MtGox Bitcoin exchange has won a temporary bankruptcy protection in the US.
A judge in Dallas, Texas, agreed to protect MtGox’s assets and temporarily halt two US lawsuits while bankruptcy proceedings occur in Japan.
MtGox filed for bankruptcy in Japan in February after losing about $473 million worth of customers’ Bitcoins to what it says was a hacking attack.
The company is scheduled to return to court on April 1 to extend the protections.
MtGox filed for Chapter 15 protection in the US late on Sunday.

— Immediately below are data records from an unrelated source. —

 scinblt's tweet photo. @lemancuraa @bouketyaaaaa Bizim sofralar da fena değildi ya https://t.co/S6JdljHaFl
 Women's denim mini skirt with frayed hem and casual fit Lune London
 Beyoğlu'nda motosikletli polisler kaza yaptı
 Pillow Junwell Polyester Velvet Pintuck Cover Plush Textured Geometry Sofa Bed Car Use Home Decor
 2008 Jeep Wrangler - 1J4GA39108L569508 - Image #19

The filing asks the US bankruptcy court to recognize MtGox’s bankruptcy in Japan and protect its US assets.
And it gives MtGox a temporary reprieve against two US lawsuits: one a class-action suit in Chicago filed by an Illinois resident, and another a $75 million breach-of-contract case filed in Seattle by Coinlab Inc.

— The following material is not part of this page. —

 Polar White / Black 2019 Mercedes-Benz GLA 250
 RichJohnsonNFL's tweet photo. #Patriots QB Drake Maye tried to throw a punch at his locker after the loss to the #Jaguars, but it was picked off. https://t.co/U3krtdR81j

At the time of the MtGox theft, about 750,000 customer Bitcoins were stolen as well as close to 100,000 of MtGox’s own bitcoins.

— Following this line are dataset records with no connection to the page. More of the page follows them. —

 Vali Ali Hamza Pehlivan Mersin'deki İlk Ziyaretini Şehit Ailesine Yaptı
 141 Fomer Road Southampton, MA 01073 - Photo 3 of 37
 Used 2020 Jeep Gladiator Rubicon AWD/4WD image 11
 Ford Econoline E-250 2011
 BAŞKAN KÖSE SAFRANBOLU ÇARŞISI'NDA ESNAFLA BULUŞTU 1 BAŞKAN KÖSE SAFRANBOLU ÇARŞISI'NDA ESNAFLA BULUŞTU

That amounts to about 7% of all the Bitcoins in existence.
Steven Woodrow, the lawyer leading the Chicago class-action suit, told Judge Harlin Hale that the case was a “massive fraud”.
MtGox’s attorney, David Parham, denied there was any fraud and said the company and its founder, Mark Karpeles, were complying with the terms of the Japanese bankruptcy proceeding.